I am researching the Xorshift128 PRNG. I am particularly interested in recovering the state given a set of outputs that have the remainder taken with different values.

A common way to take a unsigned 32-bit output from Xorshift128 and produce a value that ranges from 0<=n<50 is to take the remainder of the output and 50.

Say I have been given 25 consecutive outputs which have modulos in the range of 30-50 (which are known). I am assuming that the amount of entropy leaked in these values is about 133 bits (25*log2(40)). This should be sufficient to recover the internal state.

**I am interested in reducing the time complexity of the code/algorithm posted below.** You can pretty much remove the "shifting" in my code because those shifts produce a 1:1 domain and you can boil the whole loop down to just the xor and the mod check. Assuming I have infinite memory and can just pre-calculate x' and w', and later xor them together in this algorithm.

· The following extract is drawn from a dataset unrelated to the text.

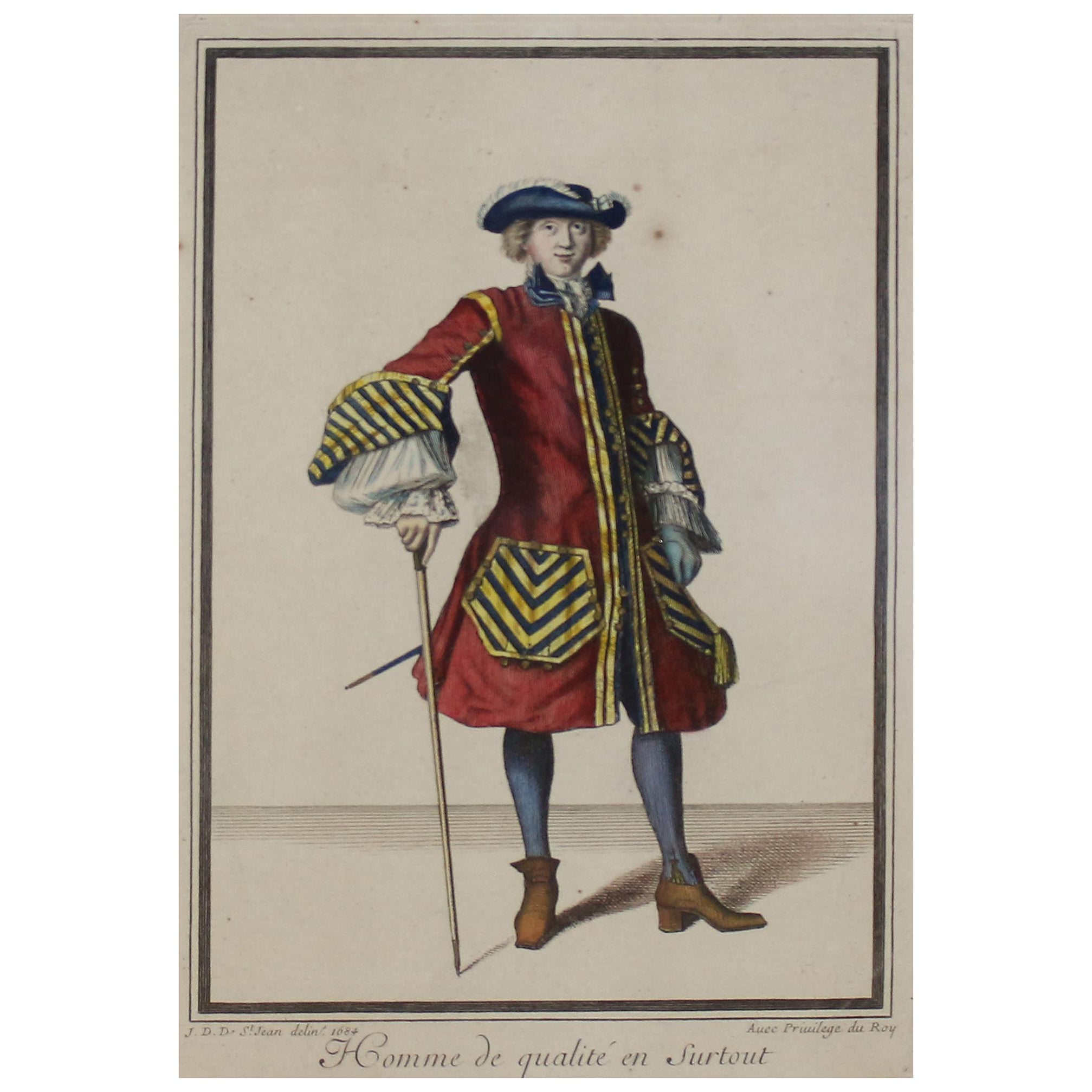 Copper Engraving Depicting the High Quality of the Fashion Under Louis XIV, 1684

Of course, we do not get the benefit of having power-of-2 modulos, so all bits influence the output of the modulo. I have noticed with certain sets of input values that some bits remain the same, this could be exploited to avoid some loops. Normally it has to do with certain combinations of even/odd parameters which result in the last bit being leaked directly or always being the same. Sometimes I see 4 consecutive bits at the end of certain x / w inputs, which could be a major improvement. I have also thought of whether certain outputs half a "every other" situation where every other output is odd or even which results in another time save.

My complete algorithm which is structured around this loop basically forms a massive DAG and slowly culls invalid pathways. This approach becomes a problem because it results in the need for 9000 TB of memory (haha). I have discovered that the rough expected number of outputs for this algorithm is: *(2^64)/(m^3)* where m is x_mod. If you assume the sets I am building to construct this DAG take up 4 bytes for each parameter, making 12 bytes for (x,w,r) triplets, where m=40 you and assuming 0 overhead you would need 3145TB per iteration - which is not ideal! This algorithm works as intended for m=~300 and produces the correct results, even with the available entropy is 128.0001, in a matter of 30 seconds with about 20GB of RAM. This was done using a GPU to do the hard-work and the CPU to arrange the DAG.

Also I would like to mention that I have tried using z3 and others like it, but they do not do well when it comes to non-power-of-2 modulo values. I have intentionally left my algorithm "un-optimized" as to show the simplest state of it. There are many micro-optimizations possible. I could also very easily run this on a GPU/ FPGA to highly parallelize it, I am more interested in the meat of the problem rather than just throwing hardware at it.

If anyone can point me in the right direction to any problems that resemble this or another community that might be able to help that would be appreciated. Thank you!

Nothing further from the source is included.